O presidente Jair Bolsonaro e o ministro da Economia, Paulo Guedes, anunciaram publicamente, nesta semana, que o salário mínimo de 2020 será corrigido de R$ 1.039 para R$ 1.045, por meio de medida provisória a ser editada nos próximos dias. Economistas ouvidos pelo Jornal do Commercio apontam que, embora gere preocupações em torno das contas públicas, e faça diferença para quem ganha tão pouco, o novo valor dificilmente fará diferença para o crescimento do país.
O valor teve de ser revisto porque a inflação, vitaminada pelo aumento da carne e do dólar, superou as previsões do Planalto. No final de 2019, o governo editou uma MP com reajuste de 4,1%, elevando o mínimo de R$ 998 para R$ 1.039, conforme estimativas do mercado financeiro para o INPC. O indicador é usado no reajuste do mínimo, por força de lei, embora a inflação oficial seja medida pelo IPCA – que fechou 2019 em 4,31%. Ocorre que o INPC fechou o ano com alta de 4,48%.
O novo aumento deve gerar impacto de R$ 2,3 bilhões nas contas públicas, conforme o Ministério da Economia. A expectativa é que o gasto extra seja compensado por ganho de R$ 8 bilhões na arrecadação. “Nós já temos, mas prefiro não falar da natureza do ganho, que vai ser anunciado possivelmente em mais uma semana. Não é aumento de imposto, não é nada disso. São fontes que estamos procurando”, declarou Paulo Guedes.
O governo estima que, para cada aumento de R$ 1 no salário mínimo, as despesas elevam-se em R$ 355,5 milhões, principalmente por causa do pagamento de benefícios da Previdência Social, do abono salarial e do seguro-desemprego, todos atrelados ao mínimo. De acordo com o ministro, caso não seja possível cobrir o aumento de gasto no orçamento para custear o valor do mínimo, o governo não descarta algum contingenciamento.
Política sem ganho
O economista e ex-supervisor técnico do Dieese (Departamento Intersindical de Estatística e Estudos Socioeconômicos) e coordenador regional da ABED (Associação Brasileira dos Economistas pela Democracia), Inaldo Seixas, destaca que a correção do mínimo é feita pelo INPC porque o indicador é calculado também em cima dos vencimentos das famílias de baixa renda.
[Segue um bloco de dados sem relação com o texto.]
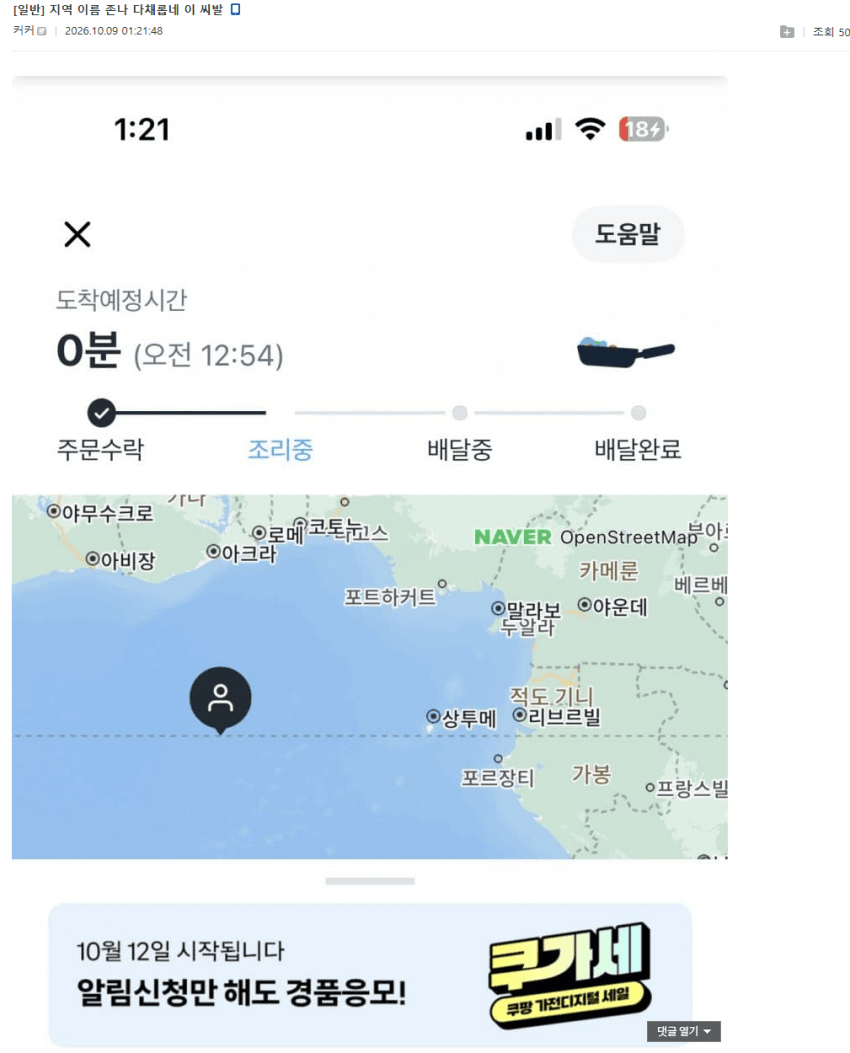 싱글벙글 서버터진 쿠팡 실시간 근황 (11)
Para ele, o governo está apenas cumprindo a lei, quando deveria focar em ganhos reais para o trabalhador. Especialmente quando se leva em conta o atual panorama de inflação em baixa – a despeito do recente repique de dezembro – e da lenta retomada da economia brasileira e seus elevados índices de desemprego.
“O governo vem flexibilizando o trabalho e reduzindo a renda, argumentando que isso gera confiança e atrai investimento. Mas, o que gera crescimento é a demanda e a capacidade agregada por uma política que gere ganhos salariais reais. Cada R$ 1 a mais para famílias que ganham de um a três salários mínimos gera consumo de 80% em relação a sua renda extra. Isso fortalece a demanda interna, que é importante para a economia de um país que exporta praticamente apenas produtos primários”, justificou.
Inflação regional
Na mesma linha, embora pondere que correções maiores geram dispêndios previdenciários mais pesados para os cofres públicos, o presidente do Corecon-AM (Conselho Regional de Economia do Estado do Amazonas), Francisco Mourão Junior, lamenta que o Ministério da Economia tenha excluído de seus cálculos os efeitos positivos na demanda agregada gerados por uma política eventualmente menos hostil ao salário mínimo.
Em conversa anterior com o Jornal do Commercio, o economista já havia antecipado que os índices de inflação viriam reforçados em dezembro, em virtude da alta do dólar e da escalada do preço da carne. Chamou a atenção também para o fato de que a flutuação dos preços não ocorre no mesmo ritmo em todo o país e que regiões como o Amazonas sofrem acréscimos pelo custo dos combustíveis e do frete.
“O INPC não reflete a realidade de nosso Estado, bem como o da maior parte da região Norte, pois é medido até Belém [PA]. O país precisa de outra política para o salário mínimo, mas dificilmente o ministro Paulo Guedes vai se incomodar com isso”, encerrou.